_TASK OBJECTIVE_
Every line between the one containing "Brown wedges" and the last line of the data, both included, is to be set down exactly, and pictures are to be omitted.

_PROVIDED MATERIAL_
┄┄┄┄┄┄
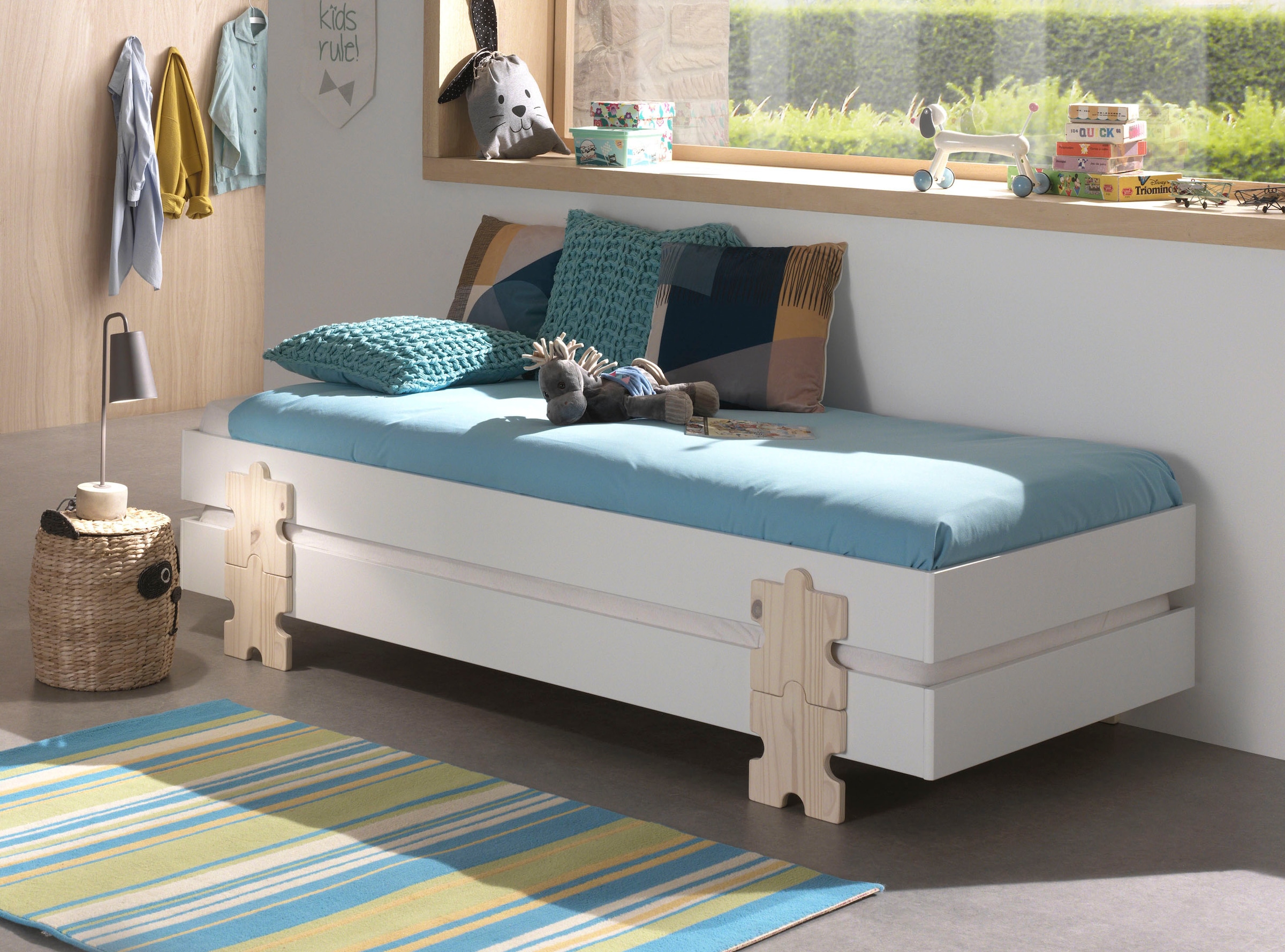 Vipack Kinderbett »Modulo, stapelbares Einzelbett, inkl. Rolllattenrost, 2 Farben«, (B/H/T ca. 203,6x93,8x48cm, Fuß Puzzle massiv, Bettseiten MDF lackiert), Liegefläche 90/200 cm, einzeln oder als 2-er Set erhältlich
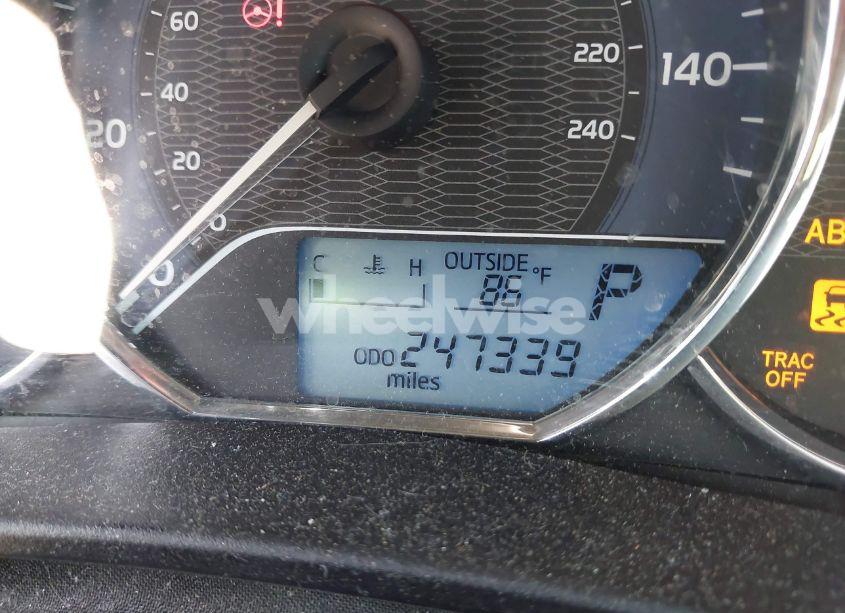 Photo 15 of 2014 Toyota Corolla LE PLUS (VIN 5YFBURHE7EP028117)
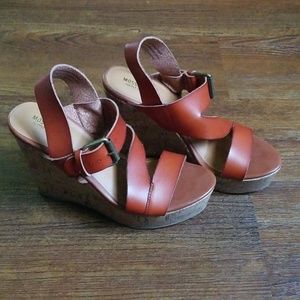 Brown wedges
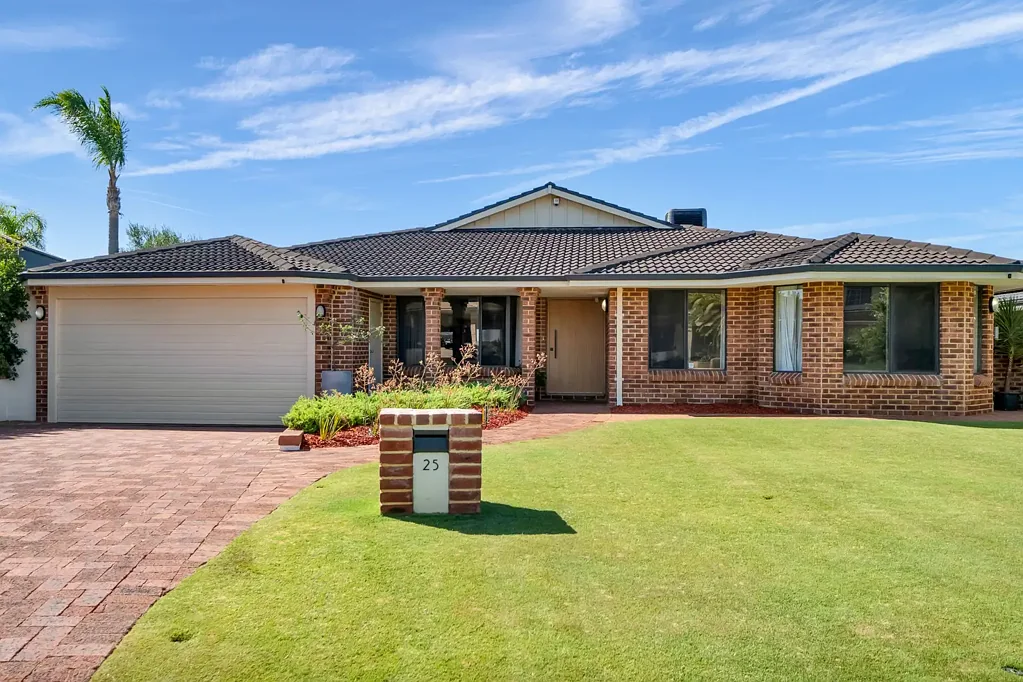 25 Weldwood Road, Ocean Reef, WA 6027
┄┄┄┄┄┄
_SOLVED PROBLEM_
 Brown wedges
 25 Weldwood Road, Ocean Reef, WA 6027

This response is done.